» TASK TO COMPLETE
Beginning with the line that holds "Abstract network connection, digital" and finishing with the line that holds "Draw Spongebob Squarepants", repeat the listing exactly, leaving every picture out.

» RECORDS TO PROCESS
[Start of Attachment]

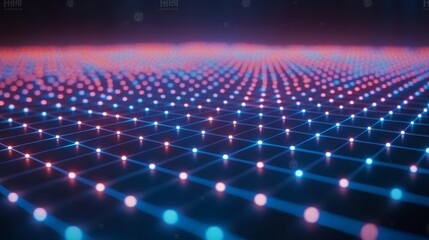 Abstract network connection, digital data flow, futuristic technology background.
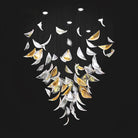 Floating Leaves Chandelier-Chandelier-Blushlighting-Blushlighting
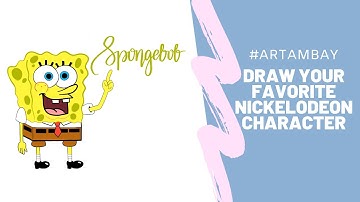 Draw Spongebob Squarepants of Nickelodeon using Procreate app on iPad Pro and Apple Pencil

[End of Attachment]
[Start of Attachment]

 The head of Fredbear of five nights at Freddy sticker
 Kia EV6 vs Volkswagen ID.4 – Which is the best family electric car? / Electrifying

[End of Attachment]

» EXERCISE ANSWER
 Abstract network connection, digital data flow, futuristic technology background.
 Floating Leaves Chandelier-Chandelier-Blushlighting-Blushlighting
 Draw Spongebob Squarepants of Nickelodeon using Procreate app on iPad Pro and Apple Pencil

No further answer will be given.